Thursday, September 22, 2016

SEEING

Realized I hadn't tried my hand at several techniques that were introduced in Lesson 3 so I set out to do so this afternoon. Even so, I still have a few I haven't tried yet. In this piece, the new-to-me techniques were to create a shape with wax resist using a crayon and painting over it with watered down paint to reveal the shape, and to draw a shape with water soluble graphite and go over it with water in a brush to disperse and move some of the color. Turns out, I don't have only soluble wax crayons, and the graphite crayon I have is not soluble. I improvised with Elmer's glue instead of a white crayon, and a watercolor pastel pencil instead of a graphite crayon.
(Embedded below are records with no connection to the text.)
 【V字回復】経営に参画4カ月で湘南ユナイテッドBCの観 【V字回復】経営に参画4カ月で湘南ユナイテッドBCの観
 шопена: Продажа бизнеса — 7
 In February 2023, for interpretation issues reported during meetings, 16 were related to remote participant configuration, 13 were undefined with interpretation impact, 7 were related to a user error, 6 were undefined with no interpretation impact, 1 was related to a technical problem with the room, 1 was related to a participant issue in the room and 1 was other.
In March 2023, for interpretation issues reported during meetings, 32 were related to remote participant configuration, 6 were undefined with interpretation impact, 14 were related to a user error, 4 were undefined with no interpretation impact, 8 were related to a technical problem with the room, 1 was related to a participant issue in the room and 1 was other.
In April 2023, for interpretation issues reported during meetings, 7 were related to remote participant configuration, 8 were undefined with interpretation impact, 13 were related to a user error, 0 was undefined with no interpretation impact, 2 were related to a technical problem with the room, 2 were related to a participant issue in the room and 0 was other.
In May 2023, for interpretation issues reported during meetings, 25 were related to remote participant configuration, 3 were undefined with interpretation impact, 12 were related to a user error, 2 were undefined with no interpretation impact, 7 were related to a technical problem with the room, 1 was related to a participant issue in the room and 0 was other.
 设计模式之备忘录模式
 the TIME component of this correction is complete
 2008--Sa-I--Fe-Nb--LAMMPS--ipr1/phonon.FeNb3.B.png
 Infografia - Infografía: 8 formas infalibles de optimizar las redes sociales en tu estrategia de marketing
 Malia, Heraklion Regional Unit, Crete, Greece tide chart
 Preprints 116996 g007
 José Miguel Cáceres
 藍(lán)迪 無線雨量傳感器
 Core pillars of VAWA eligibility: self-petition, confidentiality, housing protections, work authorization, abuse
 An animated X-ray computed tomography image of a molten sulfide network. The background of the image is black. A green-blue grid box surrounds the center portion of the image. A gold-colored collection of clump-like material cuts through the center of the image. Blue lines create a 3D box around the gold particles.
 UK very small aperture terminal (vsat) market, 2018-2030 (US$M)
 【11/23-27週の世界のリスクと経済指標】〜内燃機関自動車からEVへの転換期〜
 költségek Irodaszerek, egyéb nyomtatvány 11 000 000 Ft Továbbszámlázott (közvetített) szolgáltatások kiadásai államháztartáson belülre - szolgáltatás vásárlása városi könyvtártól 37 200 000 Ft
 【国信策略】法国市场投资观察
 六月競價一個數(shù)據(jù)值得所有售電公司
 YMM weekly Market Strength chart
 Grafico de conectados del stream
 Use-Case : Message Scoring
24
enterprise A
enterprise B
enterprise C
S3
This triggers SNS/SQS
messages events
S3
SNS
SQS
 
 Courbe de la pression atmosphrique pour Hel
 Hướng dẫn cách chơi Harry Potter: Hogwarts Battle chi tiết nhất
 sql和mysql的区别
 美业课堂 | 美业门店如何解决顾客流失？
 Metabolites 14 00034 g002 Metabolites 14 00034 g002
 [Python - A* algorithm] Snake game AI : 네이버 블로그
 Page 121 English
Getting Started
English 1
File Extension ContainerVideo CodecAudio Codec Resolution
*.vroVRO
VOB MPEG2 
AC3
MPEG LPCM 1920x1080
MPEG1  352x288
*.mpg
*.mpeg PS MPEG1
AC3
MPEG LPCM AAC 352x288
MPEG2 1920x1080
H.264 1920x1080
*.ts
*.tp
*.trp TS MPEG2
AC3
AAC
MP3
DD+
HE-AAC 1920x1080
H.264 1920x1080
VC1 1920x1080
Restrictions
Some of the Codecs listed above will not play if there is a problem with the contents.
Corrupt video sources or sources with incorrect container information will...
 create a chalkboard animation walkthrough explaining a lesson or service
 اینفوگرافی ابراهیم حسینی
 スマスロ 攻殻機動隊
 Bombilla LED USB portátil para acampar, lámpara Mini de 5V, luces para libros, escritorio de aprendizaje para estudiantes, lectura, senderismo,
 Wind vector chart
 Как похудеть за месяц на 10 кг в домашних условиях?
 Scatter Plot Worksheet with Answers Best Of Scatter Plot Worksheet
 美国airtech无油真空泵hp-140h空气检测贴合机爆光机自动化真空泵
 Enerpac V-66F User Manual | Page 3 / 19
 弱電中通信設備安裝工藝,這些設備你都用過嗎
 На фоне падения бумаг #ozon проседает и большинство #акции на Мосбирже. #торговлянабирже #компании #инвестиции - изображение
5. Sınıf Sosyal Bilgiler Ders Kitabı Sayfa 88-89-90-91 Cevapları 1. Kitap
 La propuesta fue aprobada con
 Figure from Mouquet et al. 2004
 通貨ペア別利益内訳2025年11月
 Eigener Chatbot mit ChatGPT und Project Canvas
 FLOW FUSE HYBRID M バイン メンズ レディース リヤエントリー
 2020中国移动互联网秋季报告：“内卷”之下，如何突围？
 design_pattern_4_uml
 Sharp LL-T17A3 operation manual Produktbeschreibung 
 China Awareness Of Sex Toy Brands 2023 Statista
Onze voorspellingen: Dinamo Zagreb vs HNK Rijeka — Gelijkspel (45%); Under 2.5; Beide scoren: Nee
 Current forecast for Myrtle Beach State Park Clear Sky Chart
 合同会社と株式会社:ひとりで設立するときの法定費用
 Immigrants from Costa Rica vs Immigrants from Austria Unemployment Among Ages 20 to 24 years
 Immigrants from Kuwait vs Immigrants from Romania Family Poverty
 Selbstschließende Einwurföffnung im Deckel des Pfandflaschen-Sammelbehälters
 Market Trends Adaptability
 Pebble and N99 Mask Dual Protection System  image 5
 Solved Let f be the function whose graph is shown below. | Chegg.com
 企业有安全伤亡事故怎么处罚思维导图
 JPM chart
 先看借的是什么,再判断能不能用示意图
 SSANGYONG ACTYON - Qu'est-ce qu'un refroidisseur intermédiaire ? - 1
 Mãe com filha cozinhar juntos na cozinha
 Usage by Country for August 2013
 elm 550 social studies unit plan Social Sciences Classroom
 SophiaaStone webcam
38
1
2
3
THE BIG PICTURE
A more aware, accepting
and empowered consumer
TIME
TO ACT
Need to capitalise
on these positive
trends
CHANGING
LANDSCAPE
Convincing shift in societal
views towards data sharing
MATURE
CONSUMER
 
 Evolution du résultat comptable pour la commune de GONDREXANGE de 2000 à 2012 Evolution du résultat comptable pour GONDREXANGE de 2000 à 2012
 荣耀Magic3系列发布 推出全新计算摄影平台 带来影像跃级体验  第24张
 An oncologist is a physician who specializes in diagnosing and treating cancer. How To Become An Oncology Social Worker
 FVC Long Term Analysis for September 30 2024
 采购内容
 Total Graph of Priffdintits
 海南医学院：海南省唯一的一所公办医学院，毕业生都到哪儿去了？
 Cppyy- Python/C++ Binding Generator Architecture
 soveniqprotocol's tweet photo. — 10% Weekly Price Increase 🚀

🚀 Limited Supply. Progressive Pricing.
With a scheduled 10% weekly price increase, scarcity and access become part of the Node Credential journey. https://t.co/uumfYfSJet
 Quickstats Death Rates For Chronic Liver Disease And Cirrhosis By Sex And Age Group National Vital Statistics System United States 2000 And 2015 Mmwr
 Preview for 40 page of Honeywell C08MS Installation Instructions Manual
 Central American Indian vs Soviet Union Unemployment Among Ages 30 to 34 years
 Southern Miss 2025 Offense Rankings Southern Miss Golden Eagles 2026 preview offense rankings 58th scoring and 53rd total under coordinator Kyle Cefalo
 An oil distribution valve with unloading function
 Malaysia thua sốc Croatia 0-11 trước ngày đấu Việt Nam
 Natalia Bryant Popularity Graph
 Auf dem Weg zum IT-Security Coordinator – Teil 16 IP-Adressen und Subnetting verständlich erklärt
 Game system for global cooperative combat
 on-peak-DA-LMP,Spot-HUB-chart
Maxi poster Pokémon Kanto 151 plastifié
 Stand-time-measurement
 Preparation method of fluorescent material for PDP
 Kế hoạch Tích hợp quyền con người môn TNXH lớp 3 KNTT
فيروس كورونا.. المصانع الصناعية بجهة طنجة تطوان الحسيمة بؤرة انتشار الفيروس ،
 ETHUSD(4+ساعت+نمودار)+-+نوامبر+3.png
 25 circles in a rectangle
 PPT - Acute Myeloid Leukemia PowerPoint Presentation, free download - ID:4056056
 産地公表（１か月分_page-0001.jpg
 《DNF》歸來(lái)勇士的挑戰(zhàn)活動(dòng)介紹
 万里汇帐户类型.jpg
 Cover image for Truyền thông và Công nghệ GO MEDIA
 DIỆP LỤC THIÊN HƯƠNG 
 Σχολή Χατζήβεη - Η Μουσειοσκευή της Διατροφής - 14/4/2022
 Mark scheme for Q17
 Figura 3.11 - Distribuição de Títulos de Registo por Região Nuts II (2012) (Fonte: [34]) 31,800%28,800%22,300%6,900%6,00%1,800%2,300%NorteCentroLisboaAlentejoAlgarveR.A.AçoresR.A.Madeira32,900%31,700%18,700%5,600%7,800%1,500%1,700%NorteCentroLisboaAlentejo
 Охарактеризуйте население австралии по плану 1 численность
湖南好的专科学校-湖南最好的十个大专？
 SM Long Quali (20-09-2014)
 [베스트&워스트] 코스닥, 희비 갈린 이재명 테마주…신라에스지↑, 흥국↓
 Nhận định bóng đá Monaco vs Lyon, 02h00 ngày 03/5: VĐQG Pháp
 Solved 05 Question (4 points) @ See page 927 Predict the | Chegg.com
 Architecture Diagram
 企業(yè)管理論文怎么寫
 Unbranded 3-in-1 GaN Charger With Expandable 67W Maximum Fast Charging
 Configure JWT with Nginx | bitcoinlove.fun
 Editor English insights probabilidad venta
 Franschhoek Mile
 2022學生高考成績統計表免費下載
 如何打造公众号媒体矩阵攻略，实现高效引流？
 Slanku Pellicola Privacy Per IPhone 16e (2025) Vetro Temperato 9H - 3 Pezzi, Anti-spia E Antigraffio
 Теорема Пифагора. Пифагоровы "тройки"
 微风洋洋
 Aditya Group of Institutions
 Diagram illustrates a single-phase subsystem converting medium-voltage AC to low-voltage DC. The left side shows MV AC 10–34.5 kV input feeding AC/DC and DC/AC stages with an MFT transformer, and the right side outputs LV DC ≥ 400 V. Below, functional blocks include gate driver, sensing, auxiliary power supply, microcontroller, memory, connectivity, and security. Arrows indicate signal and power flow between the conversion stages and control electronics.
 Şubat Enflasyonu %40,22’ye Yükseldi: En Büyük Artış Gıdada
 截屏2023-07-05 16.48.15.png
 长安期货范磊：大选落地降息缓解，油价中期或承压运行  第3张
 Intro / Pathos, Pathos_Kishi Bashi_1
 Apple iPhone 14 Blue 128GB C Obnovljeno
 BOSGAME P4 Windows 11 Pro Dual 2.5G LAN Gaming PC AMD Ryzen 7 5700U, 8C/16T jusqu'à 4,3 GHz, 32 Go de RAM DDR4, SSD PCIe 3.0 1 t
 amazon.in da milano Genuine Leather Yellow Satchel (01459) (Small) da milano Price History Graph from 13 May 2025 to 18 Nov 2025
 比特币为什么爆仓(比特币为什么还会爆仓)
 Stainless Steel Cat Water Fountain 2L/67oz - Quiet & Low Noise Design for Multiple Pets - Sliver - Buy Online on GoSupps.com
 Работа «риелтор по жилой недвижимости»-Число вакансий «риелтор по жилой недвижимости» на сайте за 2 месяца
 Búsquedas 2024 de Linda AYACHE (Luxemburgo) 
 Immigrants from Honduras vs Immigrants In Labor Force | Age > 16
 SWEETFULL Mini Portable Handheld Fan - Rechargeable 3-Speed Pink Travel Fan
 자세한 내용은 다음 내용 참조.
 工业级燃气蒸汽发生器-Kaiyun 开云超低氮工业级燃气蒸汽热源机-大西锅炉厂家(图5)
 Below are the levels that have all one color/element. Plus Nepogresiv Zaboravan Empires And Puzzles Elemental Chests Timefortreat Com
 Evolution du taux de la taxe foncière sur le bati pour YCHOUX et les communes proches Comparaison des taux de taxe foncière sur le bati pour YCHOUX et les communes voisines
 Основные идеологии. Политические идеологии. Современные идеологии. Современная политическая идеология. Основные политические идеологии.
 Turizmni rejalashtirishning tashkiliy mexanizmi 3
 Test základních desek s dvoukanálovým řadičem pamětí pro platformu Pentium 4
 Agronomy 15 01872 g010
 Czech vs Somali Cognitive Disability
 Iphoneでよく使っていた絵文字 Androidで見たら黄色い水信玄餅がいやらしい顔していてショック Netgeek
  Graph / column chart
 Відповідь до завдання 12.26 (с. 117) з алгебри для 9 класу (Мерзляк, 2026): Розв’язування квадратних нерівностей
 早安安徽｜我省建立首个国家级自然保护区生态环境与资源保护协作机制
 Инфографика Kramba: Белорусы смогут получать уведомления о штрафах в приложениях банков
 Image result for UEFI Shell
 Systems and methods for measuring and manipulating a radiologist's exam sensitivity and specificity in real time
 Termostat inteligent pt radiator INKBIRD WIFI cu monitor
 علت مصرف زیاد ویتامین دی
That said, my goal today is actually not to report on the techniques or materials I used but to be as objective as possible in looking at the finished piece to make observations—not evaluations or interpretations, but straight up observations. As part of the class I'm taking I'm practicing SEEING. Steep learning curve here, since I repeatedly fall into interpreting, often with no awareness whatsoever! Bear with me.

Shapes #11, 9x12"

I see a stack of three simple strong main shapes—a brown ovoid, a blue circle, and an irregular red triangle with torn edges. These shapes are only slightly different in size, and they're the dominant features in the piece. Three much smaller shapes also sit in the stack, two of which are red and carry the color of the rectangle at the top into the rest of the painting. All the shapes touch at least one other, connecting them into the single stack that sits on a diagonal from bottom left to top right and divides the page pretty much in half. The ovoid at the bottom and the rectangle at the top both touch the edge of the page. I see a neutral background, lighter in color than any of the shapes and having a layered quality and color gradations; the background provides softness and contrast to the stack of shapes. Some of the background appears to drift over parts of the two lower shapes, veiling them slightly. Use of line in the ovoid and circle accentuates each shape but doesn't dominate. Textural elements (scribbles, hatch marks, small grid marks) are evident throughout but also don't dominate. The piece includes mixed media—I see what looks to be colored pencil, paint, and collage.






10 comments:

  1. A+ in observation. You kept me from getting lost interpretation. ( Love your substitutions BTW)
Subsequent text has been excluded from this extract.